Segment Start: INPUT
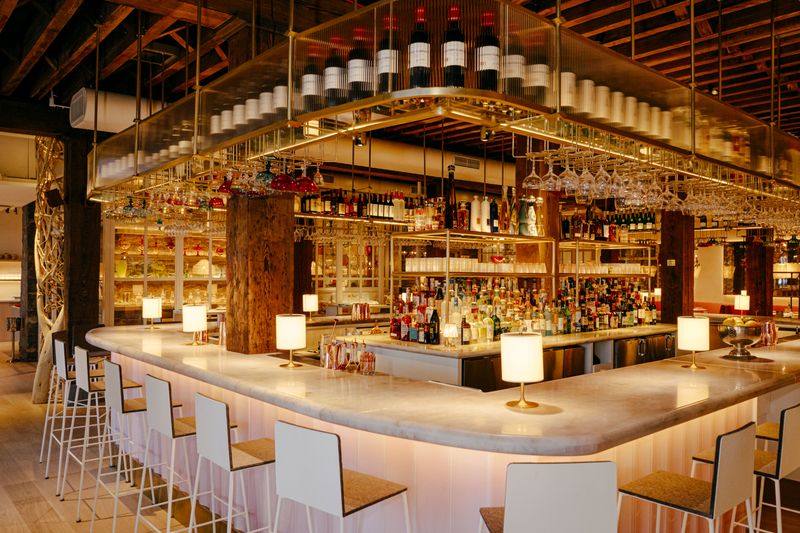 ABC Kitchens (DUMBO, Brooklyn)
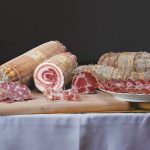 SALUMI DOP PIACENTINI A VINITALY E CIBUS CONNECT
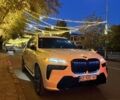 Белый БМВ X7, объемом двигателя 3 л и пробегом 24 тыс. км за 110000 $, фото 1 на Automoto.ua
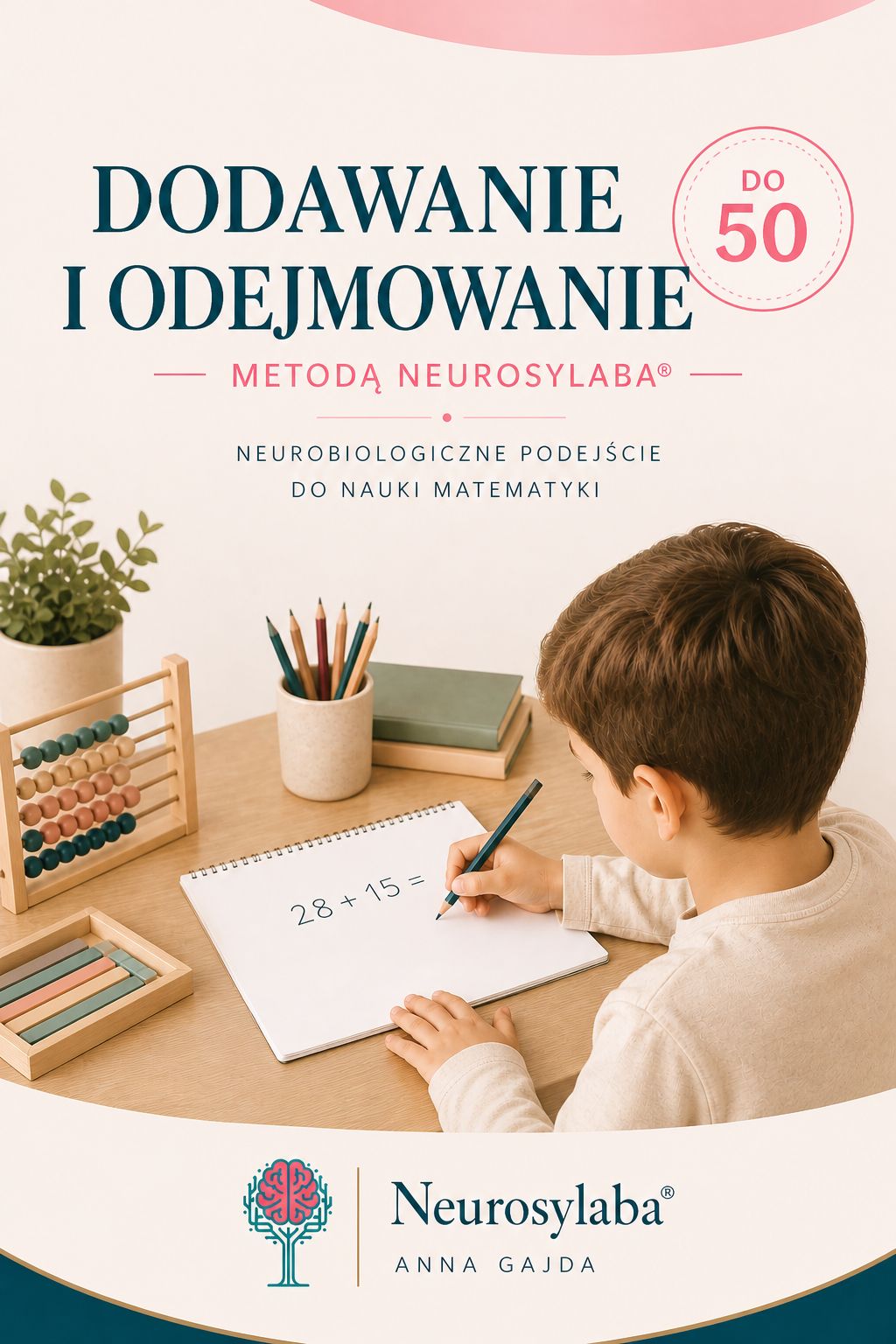 Ebook Dodawanie i odejmowanie okładka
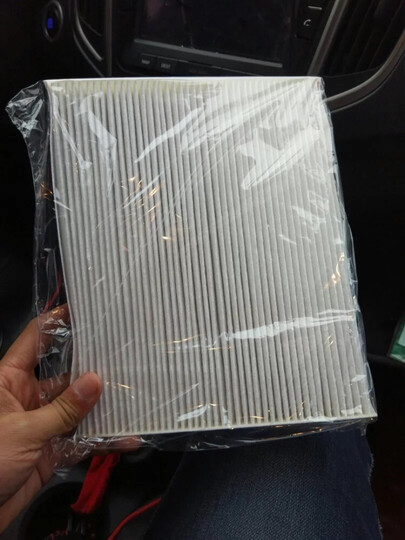 马勒LAK621:【1】忙了,都忘记了,不好意思 还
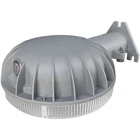 Stonepoint Gray Dusk Led Barn Light Fixture, Lm. TX-BL4500D New. Price: $70.72.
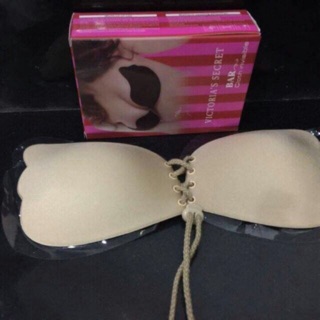 Bra Dán Thắt Nâng Ngực Siêu Push Up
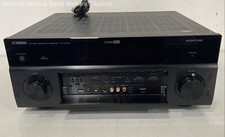 Receptor A/V Yamaha RX-A2000 Aventage 7.2ch Dolby DTS HDMI som natural comprar usado  Enviando para Brazil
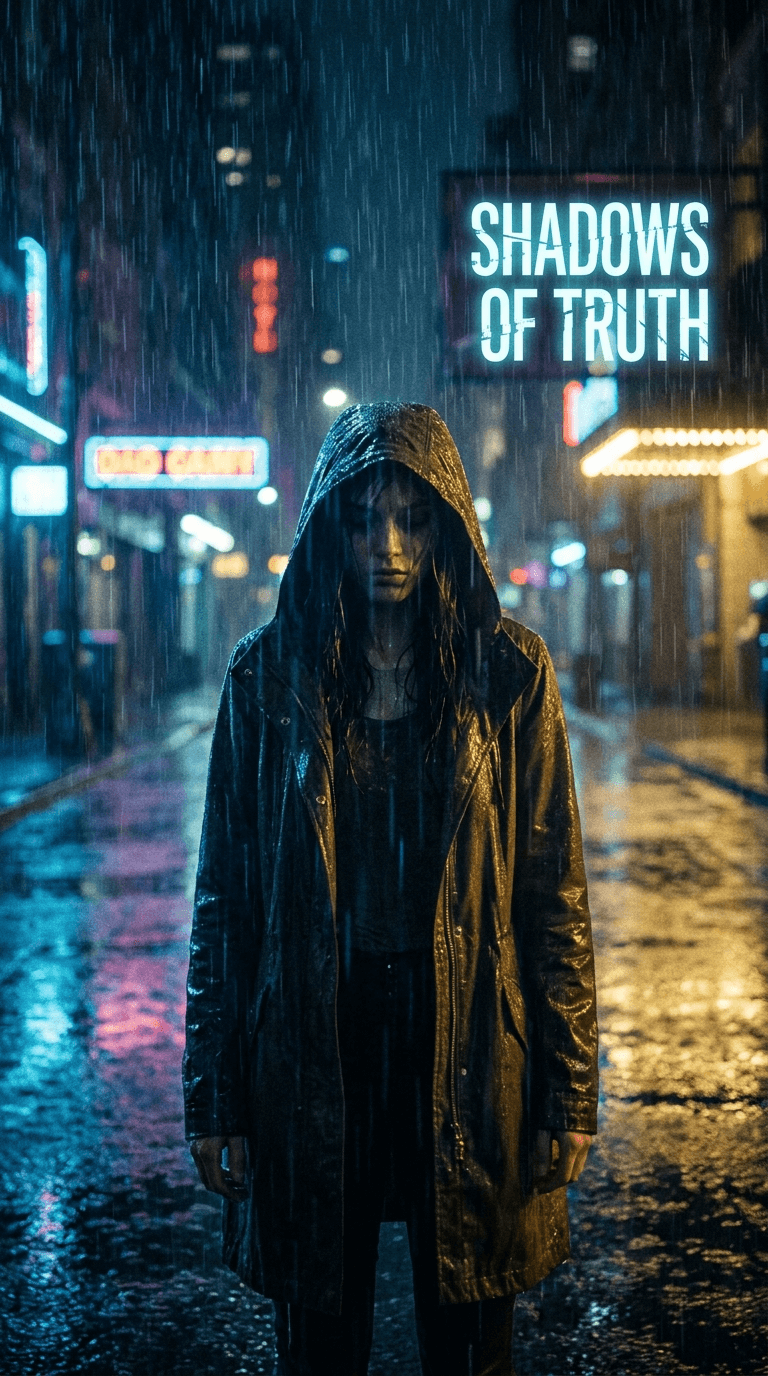 Shadows of Truth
Segment End: INPUT
GOAL OF THE EXERCISE: Type out all of the records exactly, leaving out any picture.

RESULT:
 ABC Kitchens (DUMBO, Brooklyn)
 SALUMI DOP PIACENTINI A VINITALY E CIBUS CONNECT
 Белый БМВ X7, объемом двигателя 3 л и пробегом 24 тыс. км за 110000 $, фото 1 на Automoto.ua
 Ebook Dodawanie i odejmowanie okładka
 马勒LAK621:【1】忙了,都忘记了,不好意思 还
 Stonepoint Gray Dusk Led Barn Light Fixture, Lm. TX-BL4500D New. Price: $70.72.
 Bra Dán Thắt Nâng Ngực Siêu Push Up
 Receptor A/V Yamaha RX-A2000 Aventage 7.2ch Dolby DTS HDMI som natural comprar usado  Enviando para Brazil
 Shadows of Truth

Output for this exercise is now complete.